Несколько позже Тото рассказала и об окружавшем ее обществе. Компания, конечно, подобралась замечательная — все загорелые, мускулистые альпийские донжуаны, неизменный итальянский офицер, английский лорд, венгерский магнат и баснословно богатый старик, путешествующий с «совсем простенькой белобрысой гусыней» (о таких дамы из высшего общества обычно говорят: «Ну и везет же некоторым!»). Но самым большим успехом пользовалась, конечно, Тото.

Из всей этой компании постоянным партнером Тото оказался все же тот самый молодой граф, подпись которого красовалась на присланной мне Тото открытке. Граф, хотя и ветреник, был все же «очень мил», а так как его недавно покинула возлюбленная, то Тото пришлось утешать его. Она утешала его, катаясь на лыжах, утешала за обедом, утешала днем и ночью, но любовницей его не стала, хотя для этого представлялось сколько угодно возможностей.

Сама Тото объясняла это так:

— Знаю я этих людей: воспользовавшись женщиной, они из милости оплачивают ее счет в гостинице, а встретившись с ней у себя на родине, даже не поздороваются.

Из всего этого я все-таки мог заключить, что Тото была любовницей графа.

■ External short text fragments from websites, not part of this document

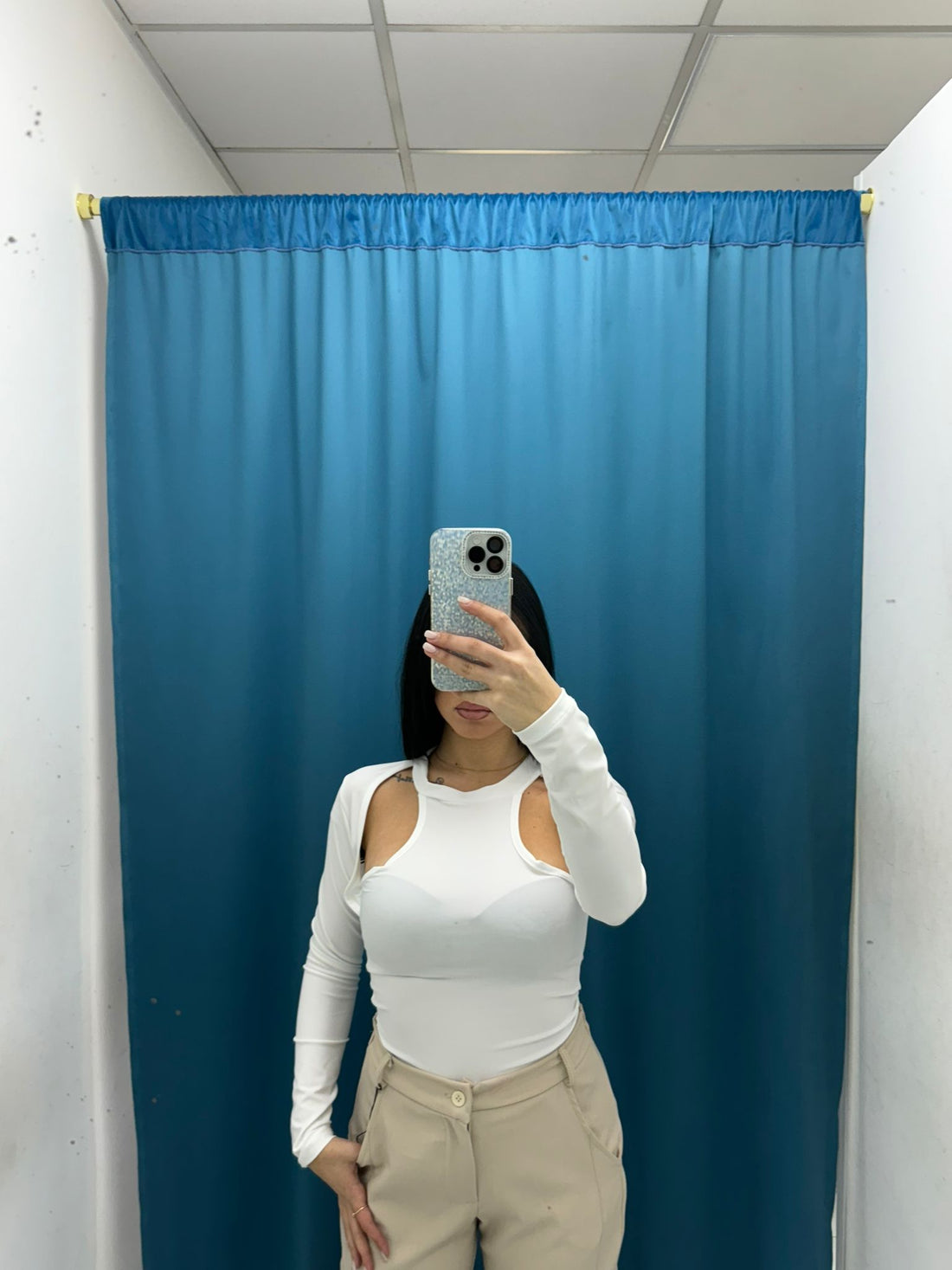 Body cut out 16187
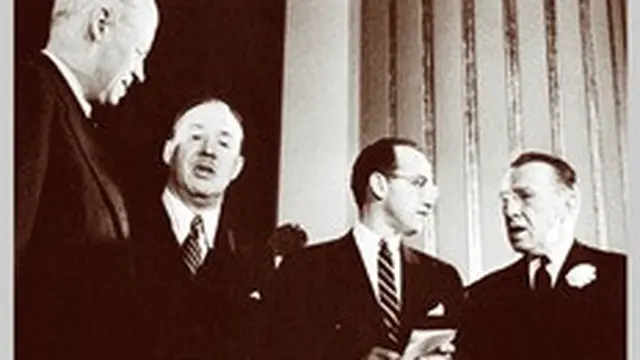 Kedua dan ketiga dari kiri: Dr. Francis dan Dr. Salk di Universitas Michigan. (pbs.org)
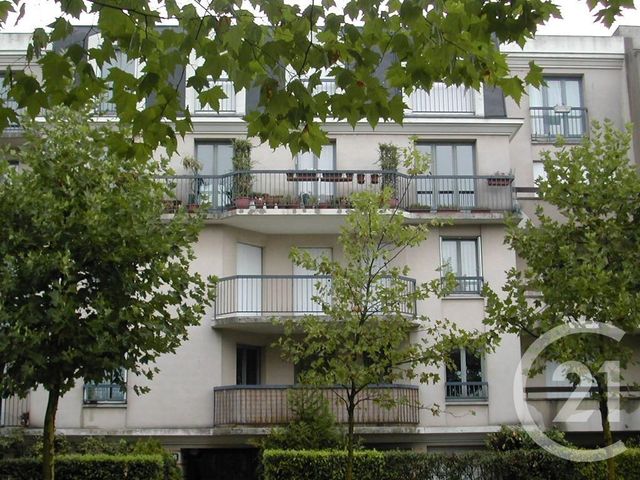 Appartement F2 à louer - 2 pièces - 59,49 m2 - Noisy Le Grand - 93 - ILE-DE-FRANCE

Но особенно болезненное ощущение испытал я, когда Тото обвила мою шею мягкими руками и шепнула мне на ухо, что «попала в беду». Она уверяла, что с графом у нее не было никаких любовных отношении (он осмеливался лишь целовать ее руки) и что причиной «беды» являюсь исключительно я. Под словом «беда» она подразумевала плод легкого нарушения нравственности, который в этот момент, хотя и в самой примитивной форме существования, свил себе гнездышко у нее под сердцем, предназначенным только для того, чтобы биться. Тото говорила о «беде», как будто это был всего лишь насморк, и сообщила мне, что знает трех гинекологов: доктора Бутьяка, доктора Кланицку и доктора Шентага. И все они чудесные люди. «Беде» можно помочь, и это будет стоить лишь три тысячи пенгё, включая сюда акушерку, клинику и небольшой отдых после. А если мне кажется, что это слишком дорого, то она согласна и на то, чтобы родить. Ведь в конце концов каждая женщина мечтает о прелестном белокуром сынке, ибо, как говорится: «В женщине никогда не умирает мать, и она лишь вынуждена отсрочить на время осуществление своего действительного призвания» (см. оперетту «Приданое королевы», действие второе). Тото была так же коварна, как леопард, из шкуры которого сшита ее шубка. Напрасно пытался я ей объяснить, что отец денег не даст, а мое жалованье слишком еще ничтожно: в улыбке Тото сквозила непреклонность.